This winter has been colder than we’ve seen in several years, but the coldest winters always seem to come with a short break called a January thaw, and we’ve had ours this year. I think of it as a taste of spring in the dead of winter, and it is always welcome. January thaws usually last for about a week and temperatures rise an average of 10° F higher than those of the previous week. Spring has always been my favorite season so for me a thaw is also a tease that lights the pilot light of spring fever. By the end of February the fever will be strong.
It’s hard to tell from the photo, but that’s ice on the trail. I was glad that I wore my Yak Trax because there was nowhere you could go to avoid it except back the way you came.
At first glance you might think these were turkey tail fungi (Trametes versicolor), but it’s important to look at the underside of mushrooms when trying to identify them. Though they aren’t always shown on this blog I always try to get photos of their spore producing surfaces and any other features that might help in identify them.

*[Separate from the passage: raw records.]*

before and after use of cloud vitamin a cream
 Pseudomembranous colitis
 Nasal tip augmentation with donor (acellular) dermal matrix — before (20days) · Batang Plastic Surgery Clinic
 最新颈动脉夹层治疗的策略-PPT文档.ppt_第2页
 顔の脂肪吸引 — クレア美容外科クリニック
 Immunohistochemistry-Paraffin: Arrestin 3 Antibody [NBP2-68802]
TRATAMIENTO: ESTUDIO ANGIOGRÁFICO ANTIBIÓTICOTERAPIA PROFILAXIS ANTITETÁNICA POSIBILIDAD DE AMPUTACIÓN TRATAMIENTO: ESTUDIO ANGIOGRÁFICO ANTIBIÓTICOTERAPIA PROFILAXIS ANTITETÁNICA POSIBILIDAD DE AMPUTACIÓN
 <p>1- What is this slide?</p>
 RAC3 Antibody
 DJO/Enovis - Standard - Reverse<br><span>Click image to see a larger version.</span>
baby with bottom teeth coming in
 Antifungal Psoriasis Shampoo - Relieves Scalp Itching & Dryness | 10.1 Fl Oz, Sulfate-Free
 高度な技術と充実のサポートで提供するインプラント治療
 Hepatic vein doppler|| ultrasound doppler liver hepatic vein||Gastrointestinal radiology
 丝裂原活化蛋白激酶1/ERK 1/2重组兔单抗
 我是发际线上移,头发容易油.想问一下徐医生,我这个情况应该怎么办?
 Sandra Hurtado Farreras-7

The undersides of the mushrooms in the previous photo show that these fungi can’t be turkey tails because turkey tails have pores, not gills. Though many bracket fungi have gills, the multicolor gilled polypore (Lenzites betulina) shown in the photos is the only one that has both gills and white flesh. All of the other gilled bracket fungi have reddish brown flesh, which makes identifying the multicolor gilled polypore much easier than most. I also carry a pen and a small notebook to note things like white or brown flesh but a lot of times I don’t use it because I don’t like harming the mushrooms. I like to leave the woods exactly as I found them if I can, so the next person can see the same things I’ve seen.
Evergreen intermediate wood fern (Dryopteris intermedia) looks fragile, but it can take a lot of weather. I found these examples growing in a crack in a room sized boulder. This is one of just a handful of true evergreen ferns. I usually expect to find another evergreen fern called polypody or rock cap ferns (Polypodium vulgare) growing on boulders but I didn’t see any in this area.
The only time nature seems to be in a hurry is when snow melt rushes downhill. There was a lot of rushing going on this day.
All that water had to go somewhere and with the soil still frozen a lot of it puddled up in low spots in the woods. Mini ponds like the one in the photo could be seen everywhere. Many were about the size of back yard skating rinks and once re-frozen they would have been great to skate on.
Along the Ashuelot River the ice shelves hanging out over the water were collapsing under their own weight. Not a good time to find yourself accidentally standing on one of these!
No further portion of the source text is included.